Los falangistas, con José Antonio encarcelado en Alicante, aunque eran pocos, también ponían sus pegas. Franco, siempre cauto, veía con simpatía el movimiento militar que cocinaba Mola, pero no acababa de inclinarse a su lado porque dudaba de la madurez de la fruta para alcanzar un éxito rápido. También vacilaba, y mucho, el jefe de la tercera división orgánica (antigua región militar), con cabecera en Valencia, Martínez Monje (asimismo masón, como el general Cabanellas), que al final no participó en la convocatoria, dejando en la estacada a los carlistas y monárquicos valencianos que habían decidido sumarse a la sublevación. Muchos de ellos pagaron con su vida la espantada del jefe militar.

En esta tensa situación, el Gobierno decidió dar un golpe de mano, provocando a los conspiradores, con un magnicidio atroz, que les obligara a levantarse en armas, ¡ya! El rencoroso Azaña, que odiaba a los españoles porque no le habían reconocido el inmenso talento intelectual y literario que según él mismo tenía, el cobardón escudero Casares Quiroga, y el eterno intrigante Indalecio Prieto, siempre en connivencia con el alcalaíno para destruir todo lo que se pusiera por delante (don Alejandro Lerroux, Alcalá Zamora, la anulación de las actas de numerosos diputados de las derechas, etc.), trataron de repetir la operación de la “sanjurjada” de agosto del 32.

Tenían pleno conocimiento de lo que planeaba el general Sanjurjo sin necesidad de muchos confidentes, porque los comprometidos organizaban el golpe en los veladores de los cafés. Pero Azaña, en lugar de anticiparse y detener a los manifiestos conspiradores, esperó con absoluta sangre fría a que prendieran fuego al castillo de fuegos artificiales, para pillar a todos los sublevados con las manos en la masa.

En julio de 1936 seguramente pretendía repetir la jugada que tan bien le había salido cuatro años antes, y, de ese modo, arrasar a la derecha, tanto militar como civil, dejando el camino expedito para instaurar la dictadura republicana jacobina a la mejicana, en la que soñaba. Sin embargo, la situación se había envenenado de tal modo, que ya no cabían paralelismo ni juegos florales de aprendices de brujo. De todos modos, no era Calvo Sotelo el primer elegido para esta provocación monstruosa, sino Gil Robles.
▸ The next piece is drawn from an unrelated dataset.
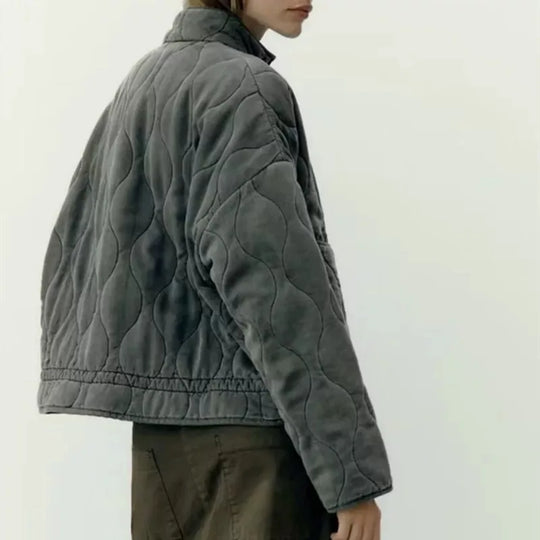 Back three quarter view of a grey women's vintage quilted cotton jacket worn by model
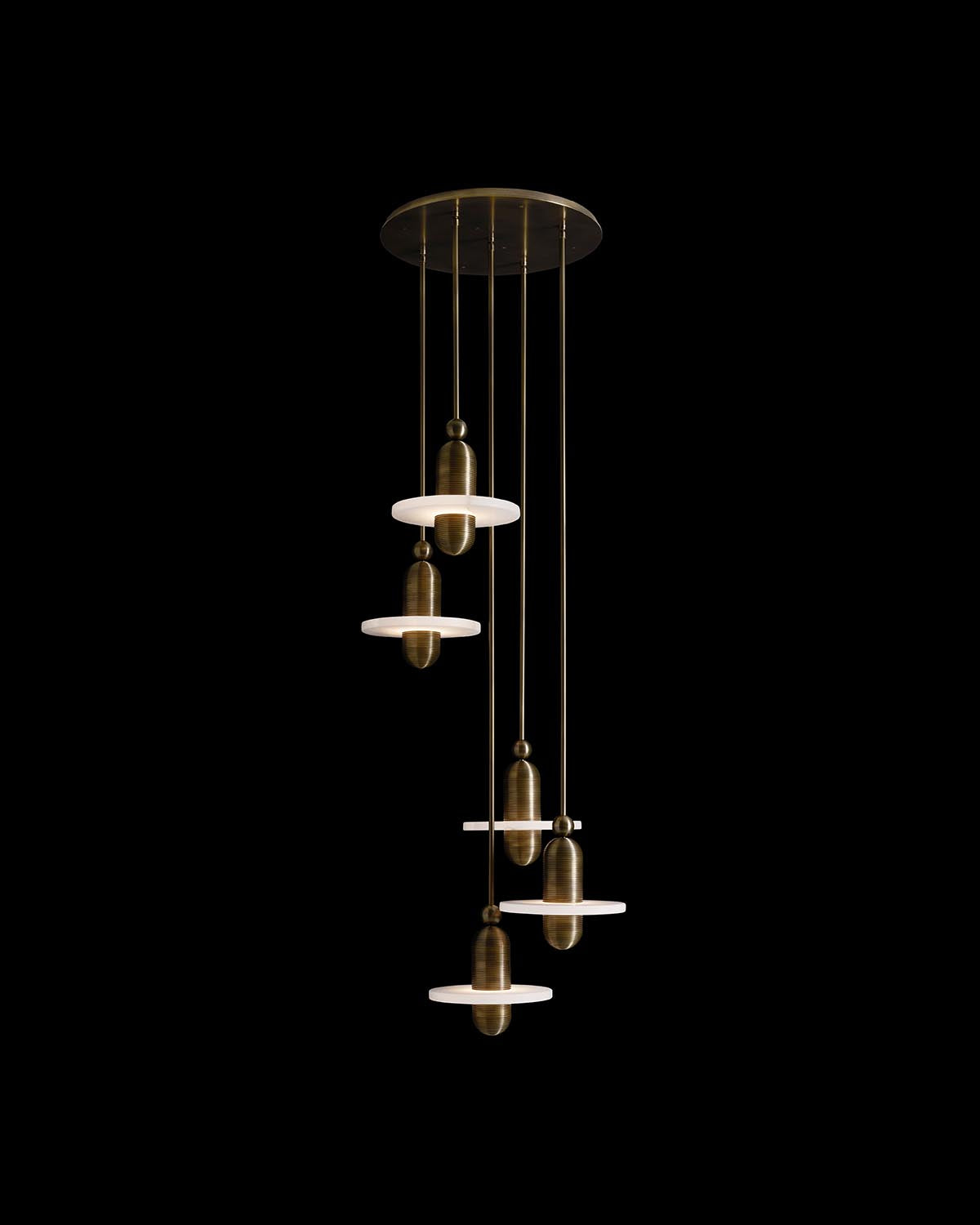 Suspended multi-light installation with four bronze cylindrical pendants and white circular discs against a black background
No obstante, el jefe de la CEDA tenía la precaución, dadas como estaban las cosas, de rotar casi a diario de lugar de pernocta, y los fines de semana largarse a Biarriz, al otro lado de la frontera, donde había establecido la familia. Pero en vista de que no dieron con el primer pez gordo que buscaban, los matones siguieron calle de Velázquez arriba para detener y asesinar al segundo de la lista, don José Calvo Sotelo. Excusa: represalia por el asesinato del teniente Castillo. Infinita desproporción entre el valor político de un personaje y otro.
 
Esa inmensa desproporción fuerza a pensar que los pistoleros de la escolta de Prieto y los guardias de asalto de su mismo entorno no actuaron espontáneamente por su cuenta porque de sobra tenían que saber que con semejante asesinato prendían la mecha de la guerra civil. Luego, ¿estuvo Prieto detrás de tan alevoso crimen? ¿Conoció de antemano Azaña lo que iba a pasar? ¿Lo supo Casares que en este caso informaría de inmediato al jefe del Estado? Calvo Sotelo fue amenazado en las Cortes por los jerifaltes de la izquierda.

Pero también lo fueron Gil Robles, Antonio Goicoechea, líder de Renovación Española, José Antonio (ya preso) y otros muchos hombres de derechas. Era el clima de guerra civil larvada que se vivía en España. Los militares no hicieron más que intentar atajar el caos que se vivía en la calle, empleando los “argumentos” de su oficio.